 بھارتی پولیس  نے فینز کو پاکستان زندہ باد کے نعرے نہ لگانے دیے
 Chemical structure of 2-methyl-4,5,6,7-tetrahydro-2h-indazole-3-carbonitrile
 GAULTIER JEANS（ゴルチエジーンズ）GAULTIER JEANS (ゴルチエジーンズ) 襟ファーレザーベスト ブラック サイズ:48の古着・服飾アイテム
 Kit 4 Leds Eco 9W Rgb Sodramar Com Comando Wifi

══════════════════════════════

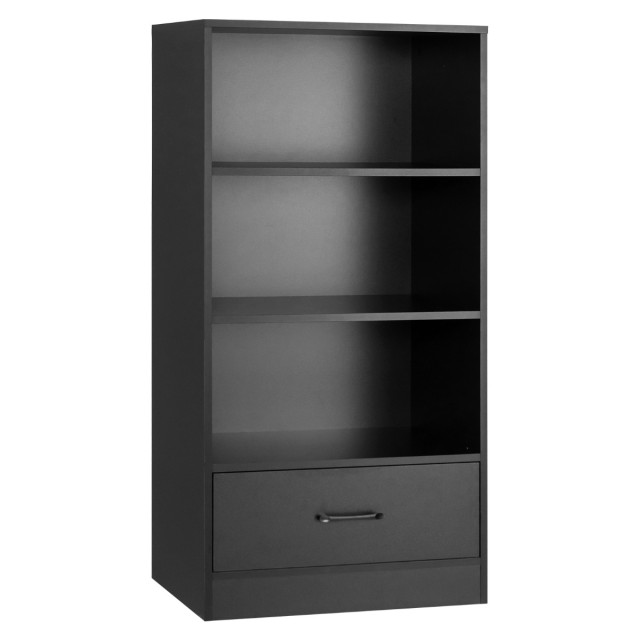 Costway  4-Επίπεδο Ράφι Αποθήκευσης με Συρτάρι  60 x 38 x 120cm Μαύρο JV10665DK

══════════════════════════════

→ **What is being asked**:
The expected output is exactly the lines of the listing above between the line holding "نہ لگانے دیے" and the line holding "Kit 4 Leds Eco", inclusive.

→ **Answer section**:
 بھارتی پولیس  نے فینز کو پاکستان زندہ باد کے نعرے نہ لگانے دیے
 Chemical structure of 2-methyl-4,5,6,7-tetrahydro-2h-indazole-3-carbonitrile
 GAULTIER JEANS（ゴルチエジーンズ）GAULTIER JEANS (ゴルチエジーンズ) 襟ファーレザーベスト ブラック サイズ:48の古着・服飾アイテム
 Kit 4 Leds Eco 9W Rgb Sodramar Com Comando Wifi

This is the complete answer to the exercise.